[Opening Extracted entries section]

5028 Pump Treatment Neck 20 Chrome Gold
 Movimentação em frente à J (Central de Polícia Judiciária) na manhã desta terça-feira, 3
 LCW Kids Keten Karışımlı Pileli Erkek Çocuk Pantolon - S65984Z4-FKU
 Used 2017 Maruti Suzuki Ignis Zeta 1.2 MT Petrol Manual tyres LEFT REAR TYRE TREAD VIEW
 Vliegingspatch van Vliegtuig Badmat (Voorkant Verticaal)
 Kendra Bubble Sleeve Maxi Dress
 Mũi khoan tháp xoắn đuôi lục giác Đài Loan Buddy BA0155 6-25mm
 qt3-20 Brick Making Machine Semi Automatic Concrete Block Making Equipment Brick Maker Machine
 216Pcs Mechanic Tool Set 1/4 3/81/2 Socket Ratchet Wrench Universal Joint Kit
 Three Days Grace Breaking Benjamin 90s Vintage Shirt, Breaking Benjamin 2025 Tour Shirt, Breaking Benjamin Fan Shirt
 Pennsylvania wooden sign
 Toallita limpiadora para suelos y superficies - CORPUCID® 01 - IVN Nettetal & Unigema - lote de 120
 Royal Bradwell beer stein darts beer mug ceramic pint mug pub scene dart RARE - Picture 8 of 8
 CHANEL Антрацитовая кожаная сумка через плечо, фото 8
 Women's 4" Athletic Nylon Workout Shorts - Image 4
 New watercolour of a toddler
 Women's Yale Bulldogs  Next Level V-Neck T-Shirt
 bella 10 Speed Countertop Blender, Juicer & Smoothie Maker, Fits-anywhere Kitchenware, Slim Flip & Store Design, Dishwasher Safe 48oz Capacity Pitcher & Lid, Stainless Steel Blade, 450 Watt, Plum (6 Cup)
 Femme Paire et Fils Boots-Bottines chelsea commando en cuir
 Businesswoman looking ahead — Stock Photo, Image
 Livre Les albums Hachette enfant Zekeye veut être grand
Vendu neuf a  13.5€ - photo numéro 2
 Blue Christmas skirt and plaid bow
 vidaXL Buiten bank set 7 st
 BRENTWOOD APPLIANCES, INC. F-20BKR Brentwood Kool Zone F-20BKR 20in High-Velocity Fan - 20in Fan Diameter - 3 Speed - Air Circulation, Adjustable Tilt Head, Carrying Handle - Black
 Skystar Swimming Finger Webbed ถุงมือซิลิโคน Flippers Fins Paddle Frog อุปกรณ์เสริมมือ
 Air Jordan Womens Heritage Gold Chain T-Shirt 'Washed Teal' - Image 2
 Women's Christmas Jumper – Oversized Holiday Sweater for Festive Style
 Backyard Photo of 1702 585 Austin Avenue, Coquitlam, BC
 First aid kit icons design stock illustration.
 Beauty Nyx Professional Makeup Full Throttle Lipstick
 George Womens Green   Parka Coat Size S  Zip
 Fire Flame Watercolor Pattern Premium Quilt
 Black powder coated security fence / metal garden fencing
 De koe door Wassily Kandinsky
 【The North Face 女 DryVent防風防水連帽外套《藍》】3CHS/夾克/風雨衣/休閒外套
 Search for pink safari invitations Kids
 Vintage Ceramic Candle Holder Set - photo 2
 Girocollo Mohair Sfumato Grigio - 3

[Closing Extracted entries section]

__Your goal__
Which lines of the data contain the word "Kids"? Copy each one.

__Solution for this task__
 LCW Kids Keten Karışımlı Pileli Erkek Çocuk Pantolon - S65984Z4-FKU
 Search for pink safari invitations Kids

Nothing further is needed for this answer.